Joy mengangguk-angguk setuju tanpa menghentikan gerakan menyuapi dirinya sesuap sup krim. Tentu, tak diragukan lagi ia akan melakukanya. Joy sudah tak sabar menhadiri pesta-pesta seperti yang tertulis di novel-novel fiksi sejarah roman. Selain setumpuk makanan lezat yang akan menantinya, ia juga dapat melihat dengan mata kepala sendiri adegan paling mewah di novel, plus mungkin juga mampu mengait beberapa perhatian. Walau dirinya pengangut kepercayaan single forever, sesekali ia juga butuh roman klasik ala-ala zaman dulu. Walau Joy tak tahu pesta apa yang akan dihadirinya, ia amat sangat antusias menantikannya.
Joy mempercepat gerakan tangannya mengambil sebongkah besar daging steak, berniat secepat mungkin menyelesaikan sarapannya dan menemui Eireen. Membiarkan gadis itu menatanya membentuk dirinya menjadi seorang miss cantik nan anggun.

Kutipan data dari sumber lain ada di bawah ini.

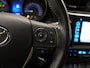 Toyota Auris 1.8 Hybrid Executive | Parkeersensoren V+A | Navigatie | Stoelverwarming |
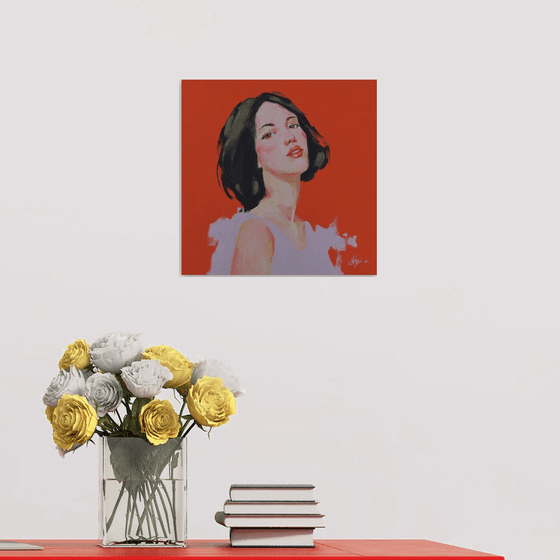 A Thousand Stories 21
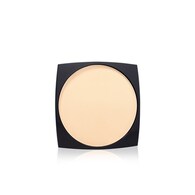  Estée Lauder Double Wear Powder Foundation Estée Lauder Puder  1 of 2 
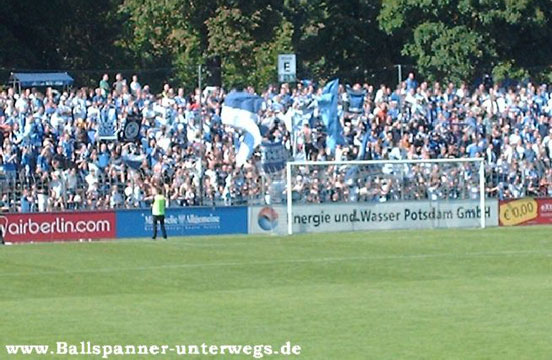 SV Babelsberg 03 vs 1. FC Magdeburg (2-0) (7)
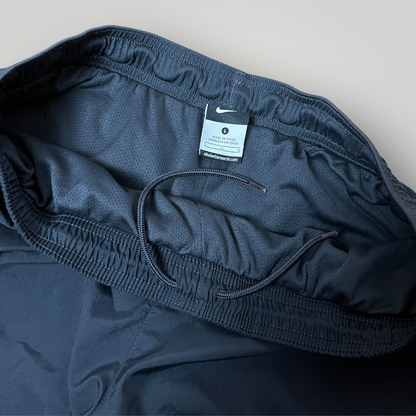 Nike Barcelona 2012/2013 Football Track Pants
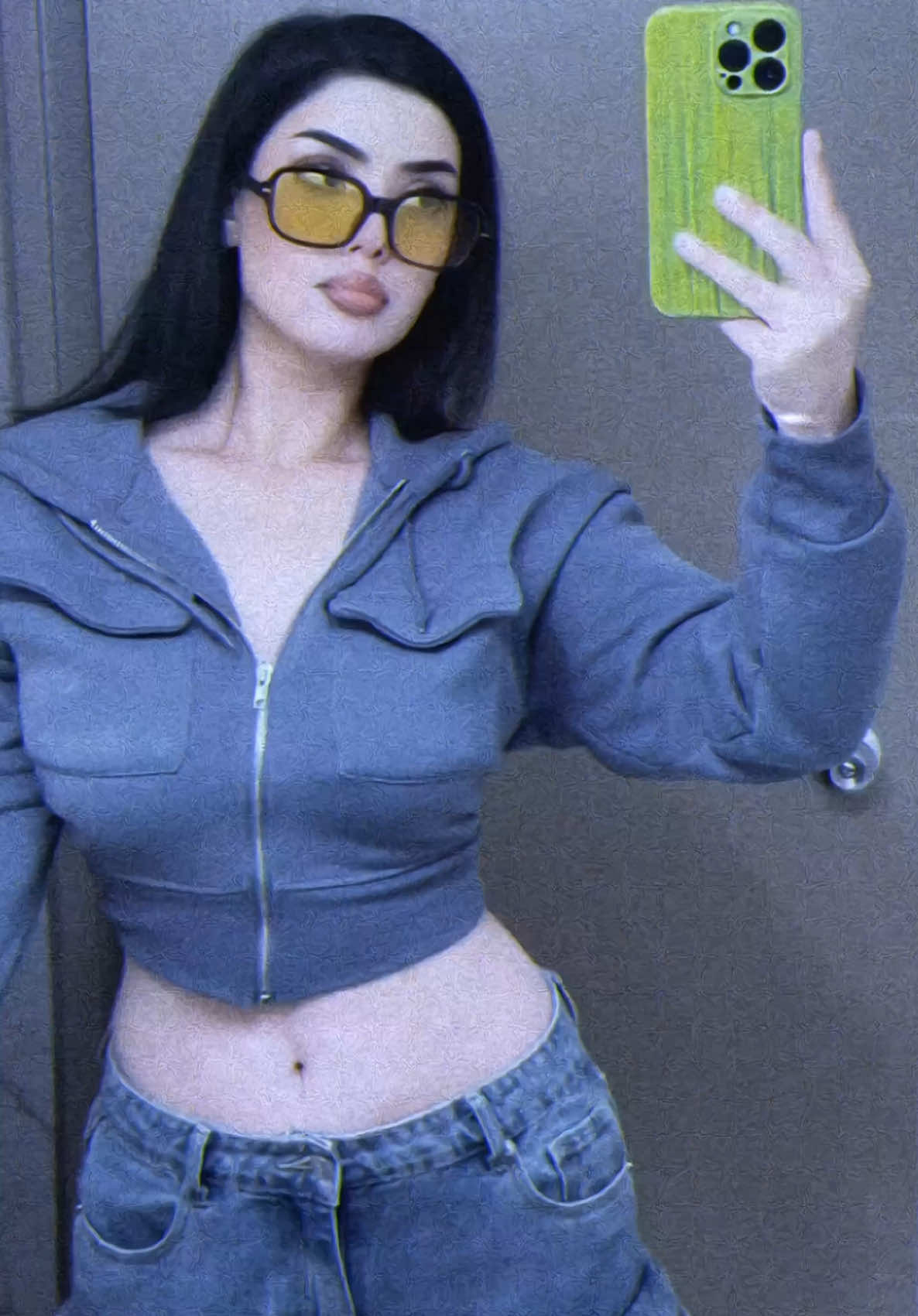 @Manshykaur⏾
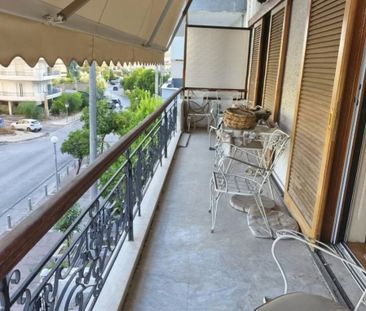 Μεζονέτα για ενοικίαση Κάτω Δάφνη (Δάφνη) - Photo 2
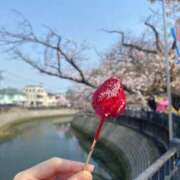 えな【FG系列】 はじめまして? ハンドdeフィーリングin横浜（FG系列）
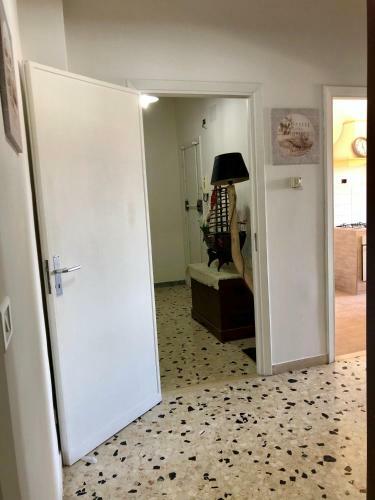 Casa Vacanze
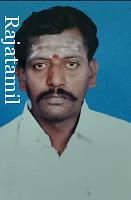 N.முருகன்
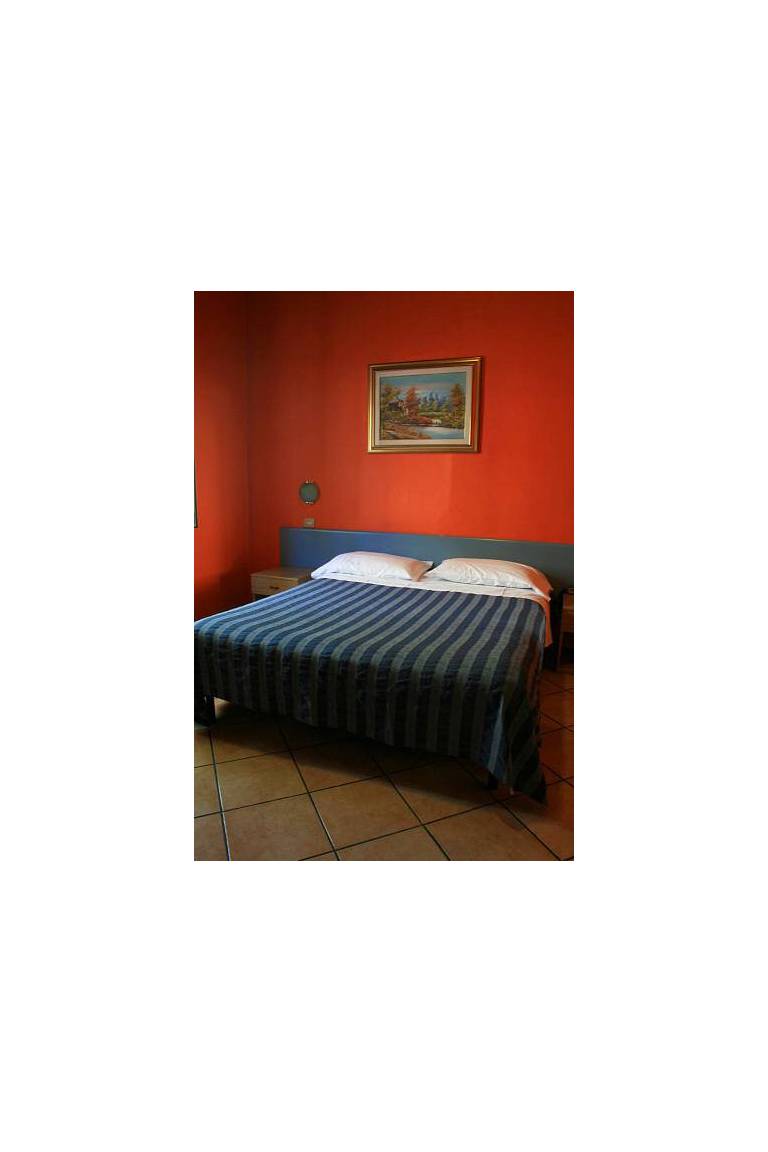 Hotel Bel Sit 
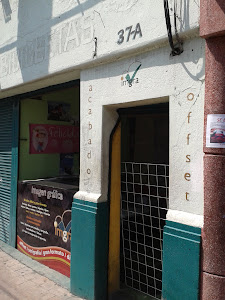 Imgra en Miguel Hidalgo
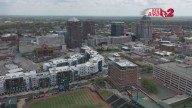 City leaders discuss progress of Greensboro's 'Road to 10,000'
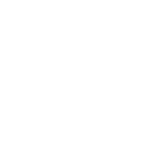 skull island records logo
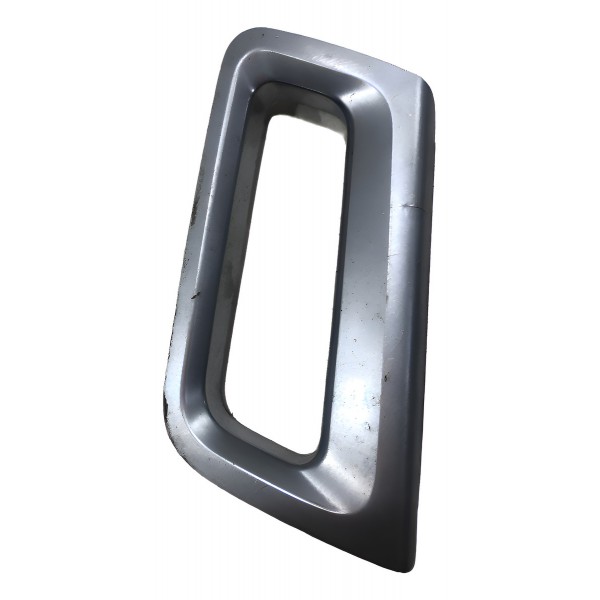 Puxador Interno Porta Dianteira Direita Gm Captiva 2008/12 Puxador Interno Porta Dianteira Direita Gm Captiva 2008/12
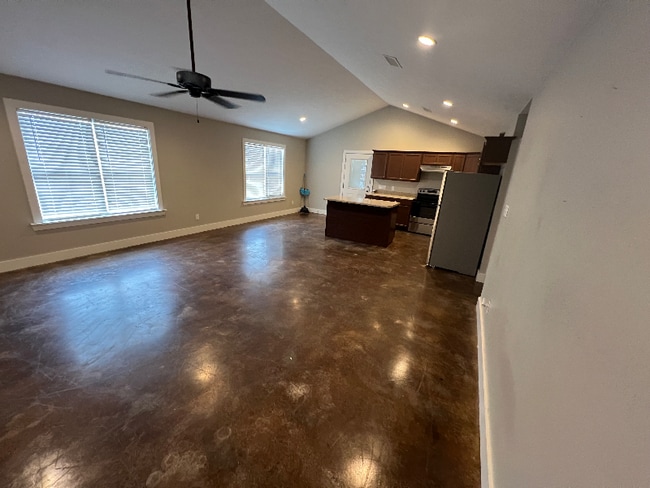 Photo - 1143 MS-9 Unit A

"Lihatlah ini, manis. Pasangan perjodohanmu ini, muncul diberita." Perkataan Baron Cunningham membuyarkan khayalan mulus Joy akan kue lezat di pesta.
Tunggu, apa dirinya salah dengar? Perjodohan. Apa Tuhan menjahilinya? baru saja ia putuskan menikmati kemewahan yang disediakan keluarga banhsawan Baron. Detik berikutnya ia malah dijodohkan. Apa ini masuk akal? Joy benar-benar membeku bak habis menatap mata medusa.
Masa ia harus menggantikan perempuan ini menikahi lelaki arogan, tukang suruh yang menganggap wanita hanya suatu peralatan dan menemani pria itu setiap hari hingga akhir hayatnya. Seumur hidup! Memikirkan saja cukup membuat Joy bergejolak terombang-ambing dalam lautan putus asa.
"Lihatlah ini, Joy." Baron Cunningham menyodorkan seonggok koran ke Joy.
Joy tidak serta merta menerima koran tersebut. Otaknya boikot kerja.